Le Palais est un personnage à part entière dans le récit, qui a son passé, ses mystères et sa propre destinée. Mis en valeur à de nombreuses reprises, il trône avec noblesse dans la case préférée d’une bonne partie des auteurs, portant un manteau de neige avec autant de prestance qu’un blanc manteau d’hermine.

Ces dessins ont été réalisés avec minutie à l’aide de repérages. Le lecteur ou la lectrice peut ainsi visiter en détail le bâtiment, de la salle des pas perdus à la coupole, en passant par la cour de cassation. À la manière de Jacobs, qui s’utilisait comme modèle pour dessiner Mortimer, ses successeurs n’ont pas hésité à prendre la pose. L’équipe a également pu se rendre en Égypte pour se documenter sur l’extérieur et l’intérieur de la pyramide de Khéops.

Un univers inadaptable ?

Bientôt arrivée à sa conclusion, la discussion se tourne vers les inexistantes adaptations cinématographiques de la série. Jaco Van Dormael, issu du septième art, répond carte sur table : « Je ne sais pas. Moi, je ne saurais pas l’adapter. ». Certaines limites sont apparentes : en ce qui concerne la ville de Bruxelles à l’allure post-apocalyptique, « au cinéma, on ne pourrait pas le faire. Trop cher. ».

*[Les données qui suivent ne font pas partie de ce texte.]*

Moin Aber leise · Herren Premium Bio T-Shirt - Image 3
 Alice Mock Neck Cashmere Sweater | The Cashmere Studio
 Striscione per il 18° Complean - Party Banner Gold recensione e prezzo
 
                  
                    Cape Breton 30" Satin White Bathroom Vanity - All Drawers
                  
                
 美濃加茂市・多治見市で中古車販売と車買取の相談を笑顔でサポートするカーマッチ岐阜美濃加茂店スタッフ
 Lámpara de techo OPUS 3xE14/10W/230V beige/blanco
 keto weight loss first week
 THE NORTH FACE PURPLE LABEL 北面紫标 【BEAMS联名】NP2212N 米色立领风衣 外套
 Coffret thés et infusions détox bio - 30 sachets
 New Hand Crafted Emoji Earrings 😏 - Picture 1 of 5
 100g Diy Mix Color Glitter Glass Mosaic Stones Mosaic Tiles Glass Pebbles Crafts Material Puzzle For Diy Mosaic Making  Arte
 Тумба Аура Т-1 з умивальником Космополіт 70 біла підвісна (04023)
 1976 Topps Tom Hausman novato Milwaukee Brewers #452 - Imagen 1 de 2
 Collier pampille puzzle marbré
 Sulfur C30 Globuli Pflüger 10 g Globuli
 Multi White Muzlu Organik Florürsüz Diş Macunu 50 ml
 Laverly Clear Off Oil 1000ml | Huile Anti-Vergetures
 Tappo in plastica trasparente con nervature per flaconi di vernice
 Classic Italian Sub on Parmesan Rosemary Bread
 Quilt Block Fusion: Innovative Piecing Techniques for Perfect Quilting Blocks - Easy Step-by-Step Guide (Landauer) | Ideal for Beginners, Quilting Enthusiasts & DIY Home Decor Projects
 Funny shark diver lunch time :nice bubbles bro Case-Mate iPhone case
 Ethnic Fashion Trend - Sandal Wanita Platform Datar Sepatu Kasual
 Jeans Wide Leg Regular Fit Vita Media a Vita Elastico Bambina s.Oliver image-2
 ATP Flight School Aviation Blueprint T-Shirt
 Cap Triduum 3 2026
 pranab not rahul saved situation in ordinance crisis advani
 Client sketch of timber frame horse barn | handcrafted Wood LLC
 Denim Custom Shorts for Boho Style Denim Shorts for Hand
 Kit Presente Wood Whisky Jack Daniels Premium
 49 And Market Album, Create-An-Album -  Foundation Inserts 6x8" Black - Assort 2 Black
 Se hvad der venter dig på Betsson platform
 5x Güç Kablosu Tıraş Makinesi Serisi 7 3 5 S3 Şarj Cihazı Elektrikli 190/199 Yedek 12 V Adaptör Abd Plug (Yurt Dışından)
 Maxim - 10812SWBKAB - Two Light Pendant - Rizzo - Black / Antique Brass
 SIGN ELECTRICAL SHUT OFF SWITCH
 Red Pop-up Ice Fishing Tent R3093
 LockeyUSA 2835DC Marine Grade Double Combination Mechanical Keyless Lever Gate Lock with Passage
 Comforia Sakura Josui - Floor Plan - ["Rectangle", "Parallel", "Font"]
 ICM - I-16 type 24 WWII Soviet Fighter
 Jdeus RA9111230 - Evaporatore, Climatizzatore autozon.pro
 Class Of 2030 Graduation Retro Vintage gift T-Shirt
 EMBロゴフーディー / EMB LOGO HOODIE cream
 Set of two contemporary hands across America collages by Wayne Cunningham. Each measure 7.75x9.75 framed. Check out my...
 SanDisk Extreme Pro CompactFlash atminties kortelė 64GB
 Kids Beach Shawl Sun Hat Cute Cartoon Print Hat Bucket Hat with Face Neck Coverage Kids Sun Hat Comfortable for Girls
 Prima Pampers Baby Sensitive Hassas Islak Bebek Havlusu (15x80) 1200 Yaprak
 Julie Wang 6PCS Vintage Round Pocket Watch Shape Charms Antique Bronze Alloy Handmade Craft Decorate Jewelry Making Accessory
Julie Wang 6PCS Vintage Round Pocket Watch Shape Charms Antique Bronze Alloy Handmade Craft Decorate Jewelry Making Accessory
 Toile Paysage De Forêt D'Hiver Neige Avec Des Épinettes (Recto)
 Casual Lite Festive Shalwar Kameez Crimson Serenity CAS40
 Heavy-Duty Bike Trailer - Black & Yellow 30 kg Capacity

Mais pour le réalisateur de Mr. Nobody, le problème est plus profond : certaines œuvres sont tout simplement meilleures sur un support et ne pourraient pas être au niveau si elles venaient à être adaptées sur un autre. Il explique par ailleurs que passer du cinéma à la bande dessinée lui a demandé du travail, « le voyage de l’œil n’étant pas du tout le même ».

La rencontre touche à sa fin. Alors qu’on leur demande ce qu’ils espèrent pour leurs lecteurs, François Schuiten se confie : « J’adore quand un lecteur me décrit une case qui n’existe pas, me parle des couleurs d’un album en noir et blanc. Cela montre qu’il s’approprie le récit et fait fonctionner son pouvoir de l’imagination ».

Si par la réactualisation qu’elle fait de ses personnages, l'équipe du Dernier Pharaon permet de continuer à faire vivre Blake et Mortimer, il semble toutefois important de rappeler que les personnages de bandes dessinées font quant à eux difficilement vivre leurs auteurs : poussé par l'envie d'éviter un "album de trop" mais aussi contraint par la précarité du métier, François Schuiten a annoncé dans une intervew pour ActuaBD que cet album serait son dernier.